Levenshtein Distance also known as the edit distance is a metric on the set of all words over a fixed alphabet. The Levenshtein distance between two words \(\omega_1\) and \(\omega_2\) is the minimal number of single character edits one has to make to convert \(\omega_1\) to \(\omega_2\), or vice versa. The distance formula given in the Wikipedia article above has a very nice recursive implementation. The implementation I will give below is partly inspired by a post on the Racket Blog on memoization vs. dynamic programming. The implementation I give below is memoized. For a dynamic programming approach you may look at the implementation over at the Rosetta Code.

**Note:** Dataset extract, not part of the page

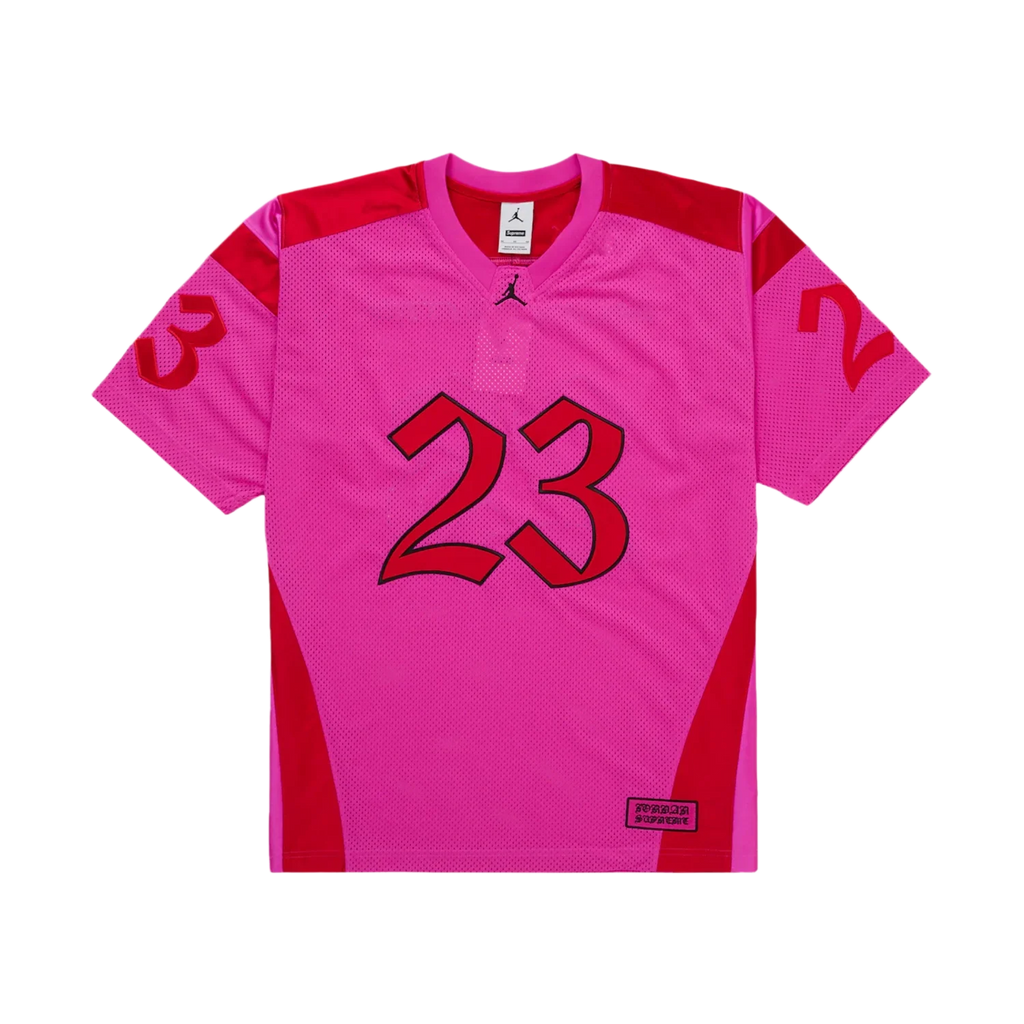 Supreme Jordan Jersey (SS26) Pink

A Straightforward Implementation

I will not spend to much time explaining the implementation. The algorithm is very straightforward. The main difference between the implementation at the Racket Blog and the implementation below is that below I use lisp strings as arguments while the implementation I cited above uses lists.

(defun levenshtein (a b)
   (cond ((zerop (length a)) (length b))
         ((zerop (length b)) (length a))
         (t (if (equal (char a 0) (char b 0))
               (levenshtein (subseq a 1) (subseq b 1))
               (1+ (min (levenshtein (subseq a 1) b)
                        (levenshtein a (subseq b 1))
                        (levenshtein (subseq a 1) (subseq b 1))))))))
LEVENSHTEIN

Now let me test the code on an example:

(time (levenshtein "hahahahhahhahhhaa" "haahahahhahahahahhhaa"))
4

Evaluation took:
 0.004 seconds of real time
 0.004000 seconds of total run time (0.004000 user, 0.000000 system)
 100.00% CPU
 10,271,520 processor cycles
 1,544,856 bytes consed

An Implementation with Memoization

Now, below I implement the same function with memoization:

(defparameter table-levenshtein 
   (make-hash-table :test 'equal))

(defun lookup-levenshtein (a b)
   (gethash (list a b) table-levenshtein))

(defun push-levenshtein (a b val)
   (setf (gethash (list a b) table-levenshtein) val))

(defun levenshtein (a b)
   (cond ((zerop (length a)) (length b))
         ((zerop (length b)) (length a))
         (t (or (lookup-levenshtein a b)
                (push-levenshtein a b 
                   (if (equal (char a 0) (char b 0))
                      (levenshtein (subseq a 1) (subseq b 1))
                      (1+ (min (levenshtein (subseq a 1) b)
                               (levenshtein a (subseq b 1))
                               (levenshtein (subseq a 1) (subseq b 1))))))))))
LEVENSHTEIN

And here is the same test above:

(time (levenshtein "hahahahhahhahhhaa" "haahahahhahahahahhhaa"))
4

Evaluation took:
 0.000 seconds of real time
 0.000000 seconds of total run time (0.000000 user, 0.000000 system)
 100.00% CPU
 239,724 processor cycles
 16,240 bytes consed

Another Implementation in Scala

I have been looking into learning some Scala lately, and this problem seems to be a good way to write some scala code. So, here is the code without the memoization feature:

object Main {
   def levenshtein(a:String, b:String):Int = {
       if( a.length == 0 ) 
         b.length
       else if( b.length == 0 )
         a.length
       else if( a(0) == b(0) )
         levenshtein( a.substring(1), b.substring(1) )
       else 
         1 + (List (levenshtein(a,b.substring(1)),
                    levenshtein(a.substring(1),b),
                    levenshtein(a.substring(1),b.substring(1))) min)
   }

   def main(args:Array[String]) {
       println("The Levenshtein distance between "+args(0)+" and "+args(1)+" is "+levenshtein(args(0),args(1)))
   }
}